▶ _DATA_
▼

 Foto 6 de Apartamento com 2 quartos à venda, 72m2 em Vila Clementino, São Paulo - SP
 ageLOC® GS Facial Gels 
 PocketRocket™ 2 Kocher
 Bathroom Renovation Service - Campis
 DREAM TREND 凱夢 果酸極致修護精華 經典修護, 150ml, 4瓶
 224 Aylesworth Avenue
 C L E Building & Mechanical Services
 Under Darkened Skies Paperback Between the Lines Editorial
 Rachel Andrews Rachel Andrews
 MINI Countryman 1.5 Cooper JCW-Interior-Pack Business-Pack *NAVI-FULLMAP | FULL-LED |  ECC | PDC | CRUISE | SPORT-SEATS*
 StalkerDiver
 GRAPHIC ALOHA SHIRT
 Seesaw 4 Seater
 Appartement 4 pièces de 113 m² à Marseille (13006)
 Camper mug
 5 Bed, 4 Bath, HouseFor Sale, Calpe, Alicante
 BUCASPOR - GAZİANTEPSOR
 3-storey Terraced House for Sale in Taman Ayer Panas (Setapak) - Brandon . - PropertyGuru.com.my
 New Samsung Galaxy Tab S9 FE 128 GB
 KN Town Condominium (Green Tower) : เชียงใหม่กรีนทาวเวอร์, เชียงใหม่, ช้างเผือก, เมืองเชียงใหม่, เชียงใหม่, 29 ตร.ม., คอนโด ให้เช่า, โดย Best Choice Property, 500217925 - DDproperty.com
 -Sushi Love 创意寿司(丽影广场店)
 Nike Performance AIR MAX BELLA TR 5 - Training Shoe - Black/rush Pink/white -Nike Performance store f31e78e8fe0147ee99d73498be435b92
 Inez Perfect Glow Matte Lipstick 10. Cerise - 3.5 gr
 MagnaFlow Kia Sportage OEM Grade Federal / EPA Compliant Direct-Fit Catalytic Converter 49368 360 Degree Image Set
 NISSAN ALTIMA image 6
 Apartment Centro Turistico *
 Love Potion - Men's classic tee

▲

Your task is to return all of the material exactly.

▶ _ANSWER AREA_
 Foto 6 de Apartamento com 2 quartos à venda, 72m2 em Vila Clementino, São Paulo - SP
 ageLOC® GS Facial Gels 
 PocketRocket™ 2 Kocher
 Bathroom Renovation Service - Campis
 DREAM TREND 凱夢 果酸極致修護精華 經典修護, 150ml, 4瓶
 224 Aylesworth Avenue
 C L E Building & Mechanical Services
 Under Darkened Skies Paperback Between the Lines Editorial
 Rachel Andrews Rachel Andrews
 MINI Countryman 1.5 Cooper JCW-Interior-Pack Business-Pack *NAVI-FULLMAP | FULL-LED |  ECC | PDC | CRUISE | SPORT-SEATS*
 StalkerDiver
 GRAPHIC ALOHA SHIRT
 Seesaw 4 Seater
 Appartement 4 pièces de 113 m² à Marseille (13006)
 Camper mug
 5 Bed, 4 Bath, HouseFor Sale, Calpe, Alicante
 BUCASPOR - GAZİANTEPSOR
 3-storey Terraced House for Sale in Taman Ayer Panas (Setapak) - Brandon . - PropertyGuru.com.my
 New Samsung Galaxy Tab S9 FE 128 GB
 KN Town Condominium (Green Tower) : เชียงใหม่กรีนทาวเวอร์, เชียงใหม่, ช้างเผือก, เมืองเชียงใหม่, เชียงใหม่, 29 ตร.ม., คอนโด ให้เช่า, โดย Best Choice Property, 500217925 - DDproperty.com
 -Sushi Love 创意寿司(丽影广场店)
 Nike Performance AIR MAX BELLA TR 5 - Training Shoe - Black/rush Pink/white -Nike Performance store f31e78e8fe0147ee99d73498be435b92
 Inez Perfect Glow Matte Lipstick 10. Cerise - 3.5 gr
 MagnaFlow Kia Sportage OEM Grade Federal / EPA Compliant Direct-Fit Catalytic Converter 49368 360 Degree Image Set
 NISSAN ALTIMA image 6
 Apartment Centro Turistico *
 Love Potion - Men's classic tee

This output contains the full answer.